WORK ITEM:
With the pictures omitted, repeat exactly the lines below starting with the line that has "8MM Cuban Link" and going on through the line that has "Portrait of Jadwiga".

DATA FOR THIS TASK:
◆ ◆ ◆

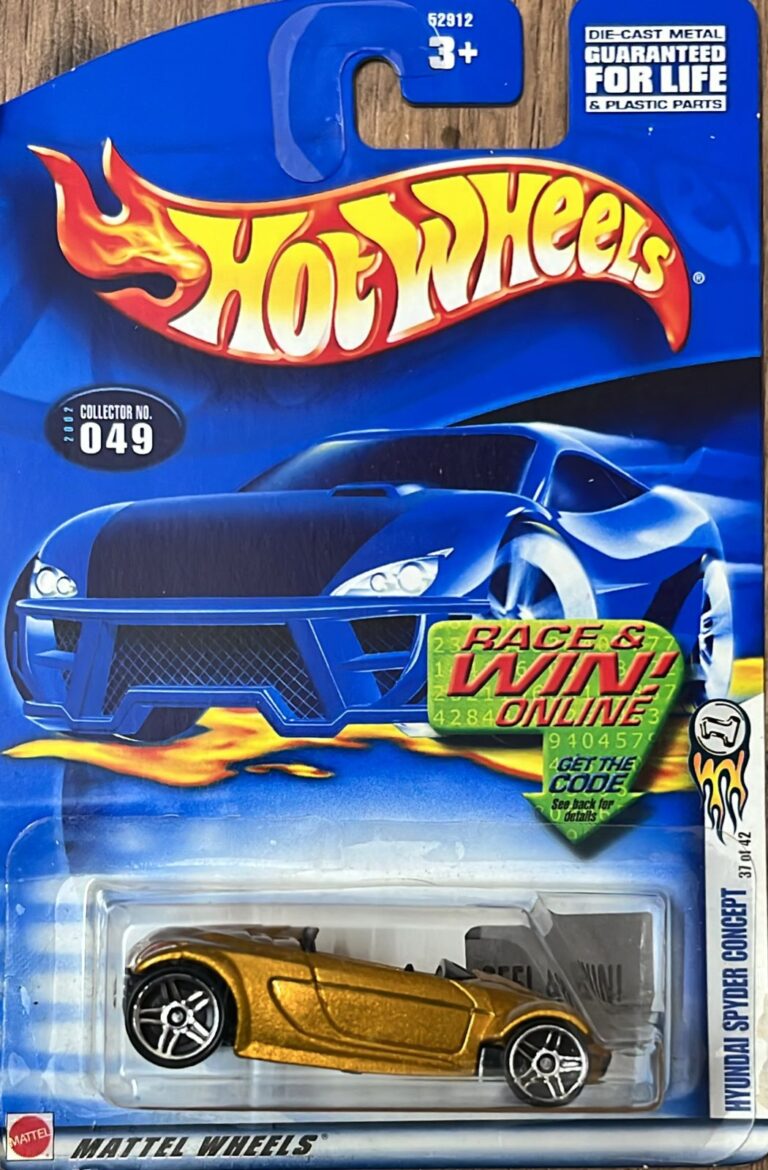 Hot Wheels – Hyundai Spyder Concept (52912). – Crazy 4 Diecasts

◆ ◆ ◆

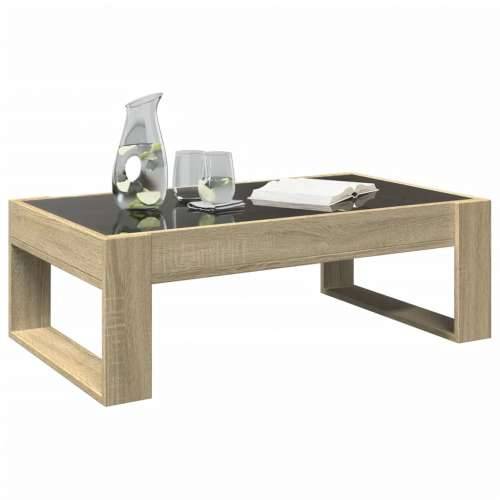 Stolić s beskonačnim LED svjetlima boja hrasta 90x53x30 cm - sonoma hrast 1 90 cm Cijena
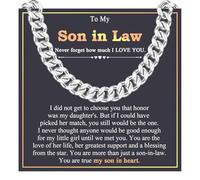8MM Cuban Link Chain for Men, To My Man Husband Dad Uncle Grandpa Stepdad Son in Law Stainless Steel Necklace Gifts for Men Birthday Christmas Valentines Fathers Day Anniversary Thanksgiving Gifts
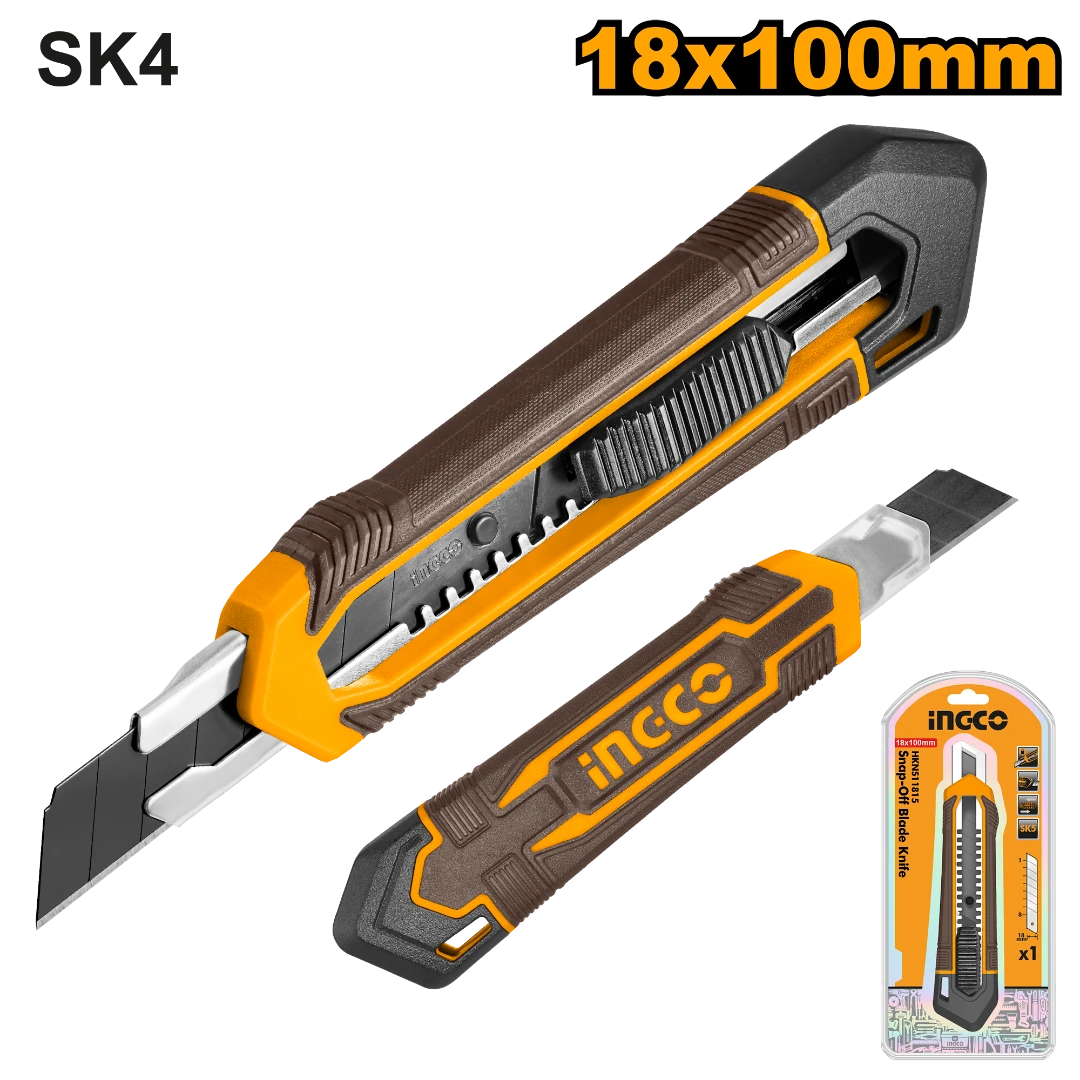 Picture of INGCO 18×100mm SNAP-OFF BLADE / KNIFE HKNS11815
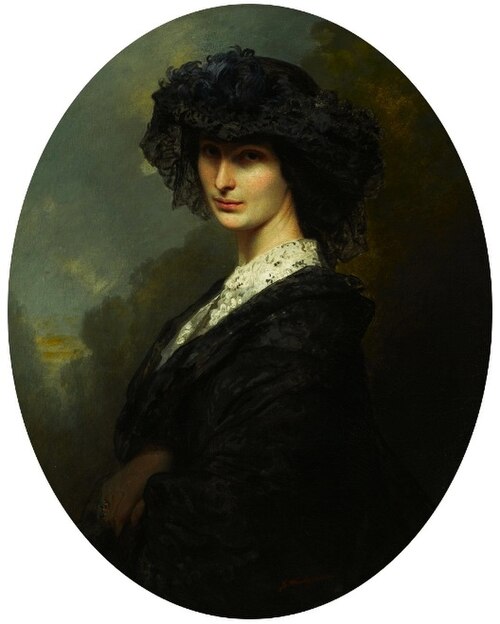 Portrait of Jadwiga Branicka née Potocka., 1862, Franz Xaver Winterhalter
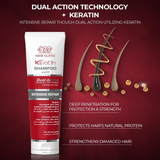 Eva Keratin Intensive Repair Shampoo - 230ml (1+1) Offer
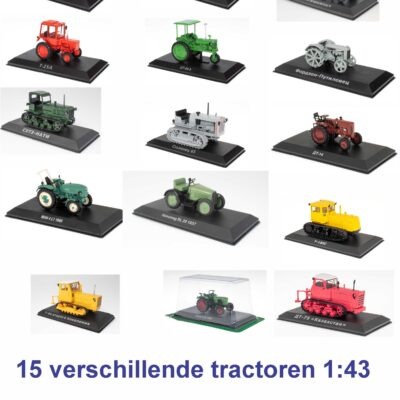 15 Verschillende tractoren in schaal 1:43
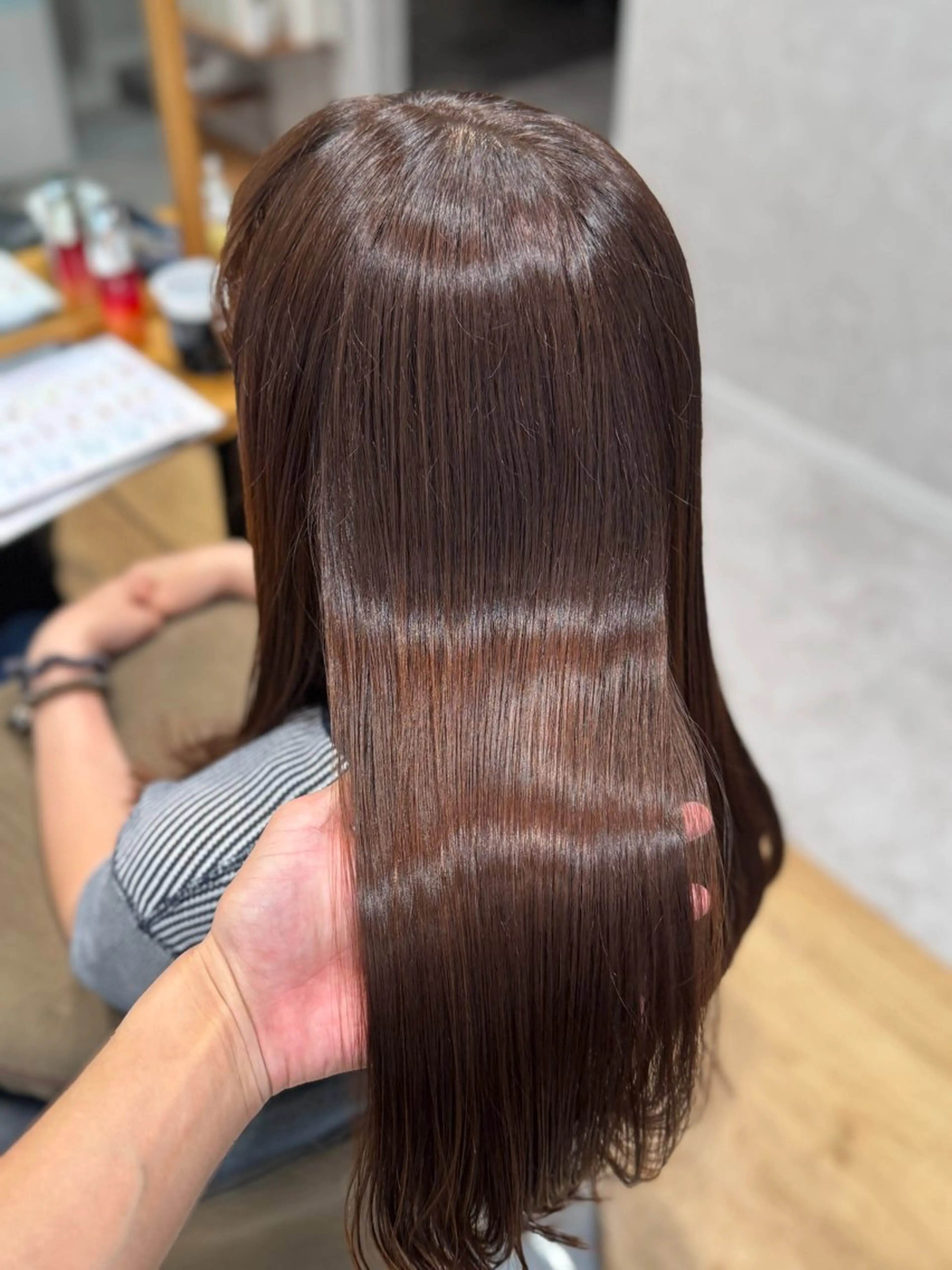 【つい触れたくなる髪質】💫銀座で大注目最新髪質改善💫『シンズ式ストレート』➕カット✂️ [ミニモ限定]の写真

◆ ◆ ◆

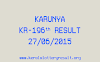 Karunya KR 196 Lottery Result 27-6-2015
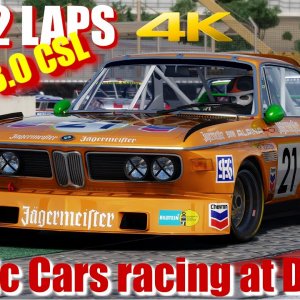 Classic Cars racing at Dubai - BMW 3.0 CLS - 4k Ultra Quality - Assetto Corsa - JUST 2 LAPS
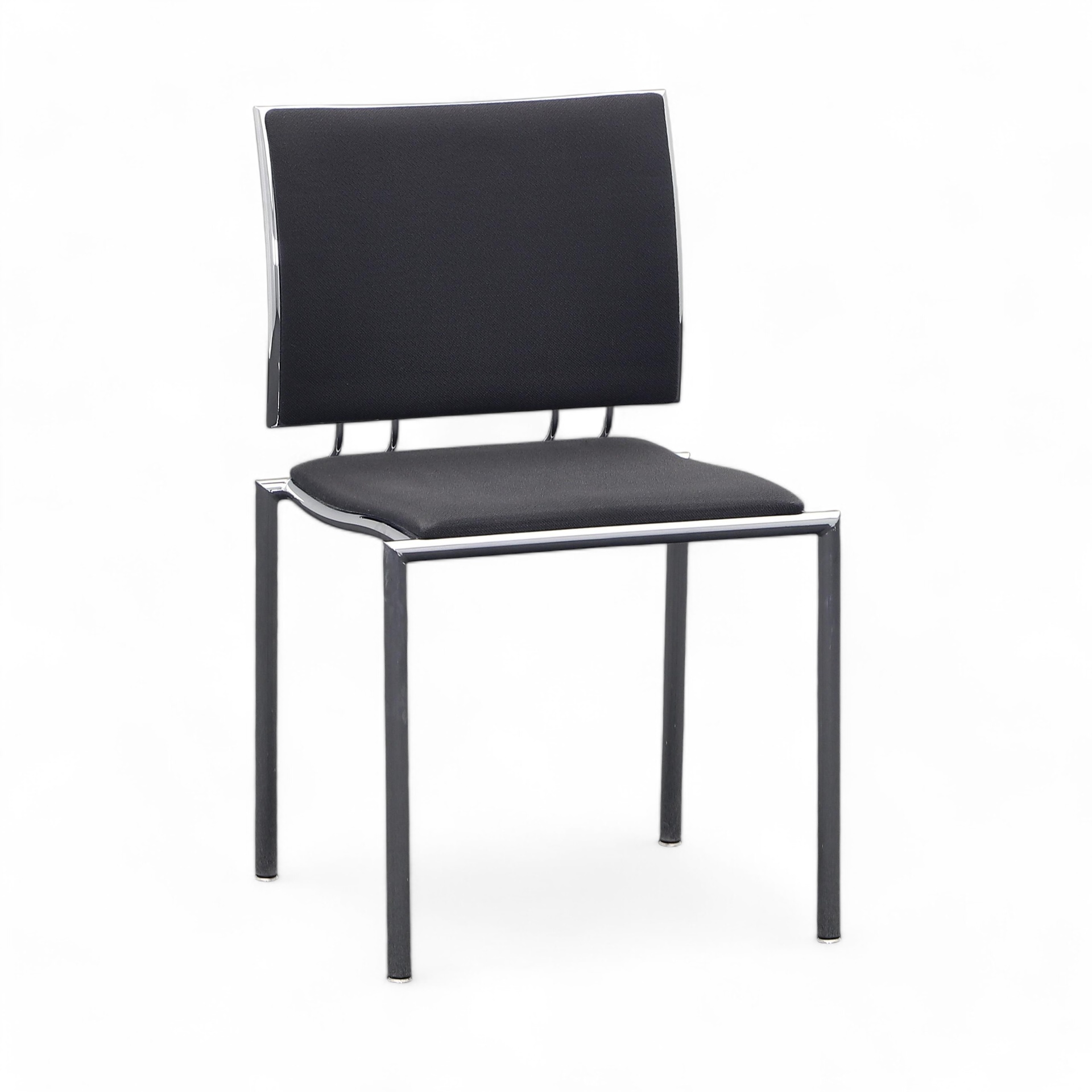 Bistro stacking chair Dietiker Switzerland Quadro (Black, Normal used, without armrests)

◆ ◆ ◆

RESULT OF THE EXERCISE:
8MM Cuban Link Chain for Men, To My Man Husband Dad Uncle Grandpa Stepdad Son in Law Stainless Steel Necklace Gifts for Men Birthday Christmas Valentines Fathers Day Anniversary Thanksgiving Gifts
 Picture of INGCO 18×100mm SNAP-OFF BLADE / KNIFE HKNS11815
 Portrait of Jadwiga Branicka née Potocka., 1862, Franz Xaver Winterhalter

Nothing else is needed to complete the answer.